The guy who got the airplane stuck was just spectacularly dense (he spent a three day trip trying to convince me that the callsign goes before every single radio transmission, and most of the FO's at his base tried to avoid flying with him), but there's also a lot of malicious compliance.

Last year, our management decided that the 1.5 liter water bottles on the Q400 were responsible for the airline losing $3 million/day, so they started insisting the pilots only drink from the little 6oz bottles we gave passengers, which meant we had a ton of them on the flight deck, and they loved rolling under the rudder pedals.

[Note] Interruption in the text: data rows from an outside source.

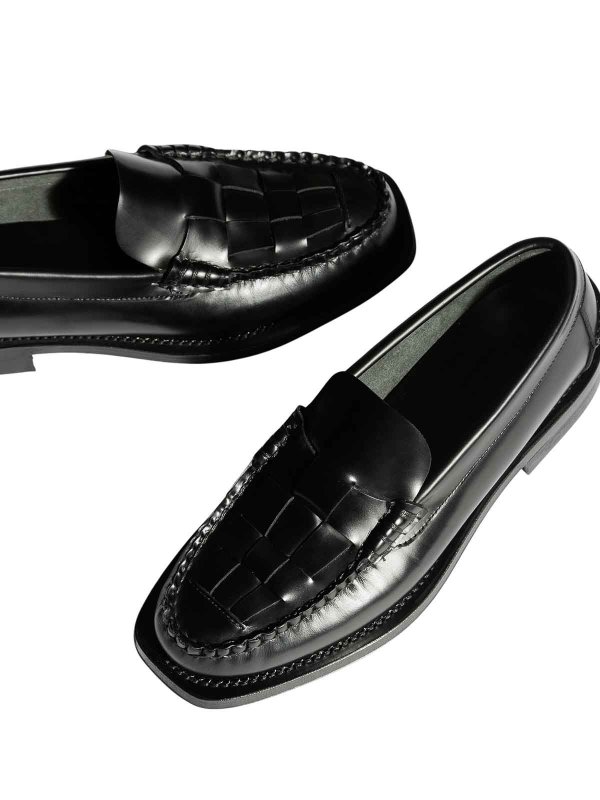 HEREU buy online Nombela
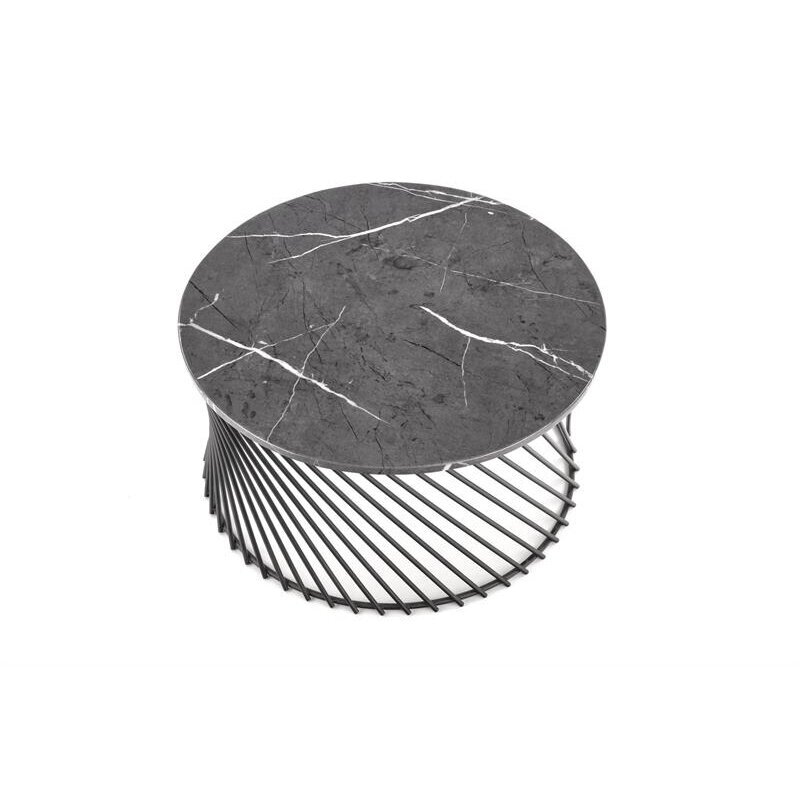 Žurnalinis staliukas Minerwa 5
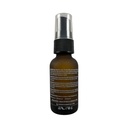 Spray limpiador 30ml HÖPSIS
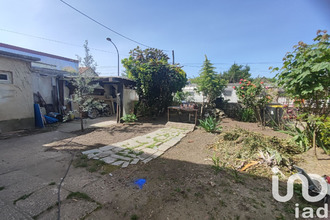 achat maison champigny-sur-marne 94500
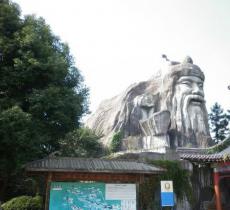 万佛金塔地宫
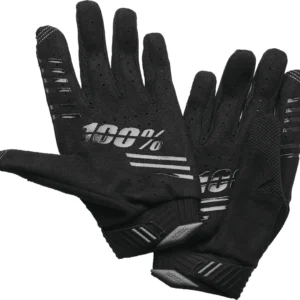 Sling Gloves black
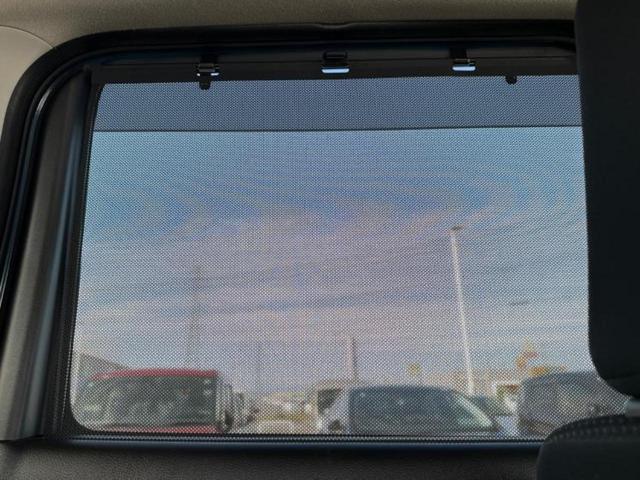 スペーシアギア ハイブリッドXZターボ 新品タイヤ/純正 8インチ メモリーナビ/セーフティサポート(スズキ)/両側電動スライドドア/シートヒーター 前席/全方位モニター/車線逸脱防止支援システム/ドライブレコーダー 前後 ターボ 禁煙車(47枚目)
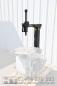 Preview: Montagearm Hofmann Boxer A22-2 Montiermachine Reifenmontage Armgestell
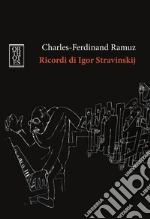 Ramuz Charles Ferdinand; Lana R. (cur.)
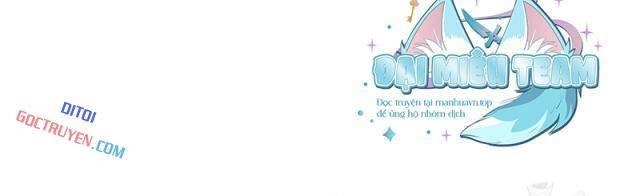 Lãng Tiên Kỳ Đàm - Page 115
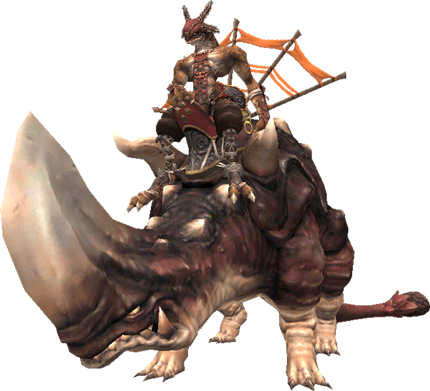 Bozzetto_Protector.png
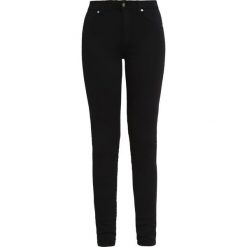 Legginsy: Dr.Denim PLENTY Jegginsy black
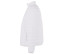 LIGHT PUFFER JACKET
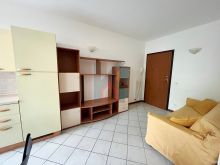 appartamento (29)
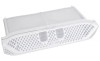 Filtru Scame Uscător Rufe Heinner HHPD-V804A++ cu Pompă Căldură - Compatibil Diverse Modele Heinner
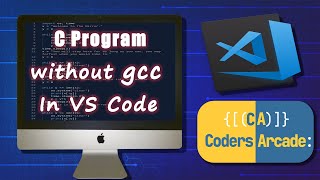 How to auto compile C program in Visual Studio Code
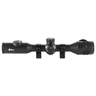 iRay USA IRAYTL25SE Bolt TL25 SE Thermal Rifle Scope Black 3x25mm Multi Reticle 4x Zoom 384x288, 50Hz Resolution iRay USA IRAYTL25SE Bolt TL25 SE Thermal Rifle Scope Black 3x25mm Multi Reticle 4x Zoom 384x288, 50Hz Resolution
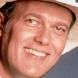 Ricky Van Shelton
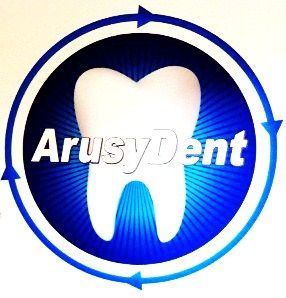 ArusyDent poza 0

Eventually, someone got the brilliant idea to label the case of big water bottles on the airplane "FOR WEIGHT AND BALANCE PURPOSES ONLY", and sent out a memo to that effect, saying that the FAA said we couldn't take any of them (spoiler alert: the FAA never said that).

The pilots immediately decided this was idiotic and since the cases of water bottles rarely had the same number of bottles from one airplane to the next (and were occasionally missing outright), we started bombarding management with safety reports and phone calls to duty officers (along with the delays associated with doing those) for specific approval to fly the airplanes with a non-standard number of water bottles on board, since the memo meant we were flying the airplanes at a different empty weight than planned.

After about two weeks, the signs disappeared off the cases of water, and the memo was very quietly removed from our iPad archives.

oh baby I love me some malicious compliance

At one of my previous airlines, the maintenance wasn’t the best, and we had a streak of airplanes for a while that would pop out of reverse if you went to full reverse, very suddenly 800shp of reverse thrust became 800shp of normal thrust, not great when you’re landing. This eventually lead to someone overrunning a runway, and the pilot being blamed for it, and a change to the ops specs.

I can’t remember the exact details but it was something along the lines of having to land with a certain flap configuration if the weather was bad, but it directly conflicted with the POH of the airplane, which essentially prevented us from legally landing if there were icing conditions.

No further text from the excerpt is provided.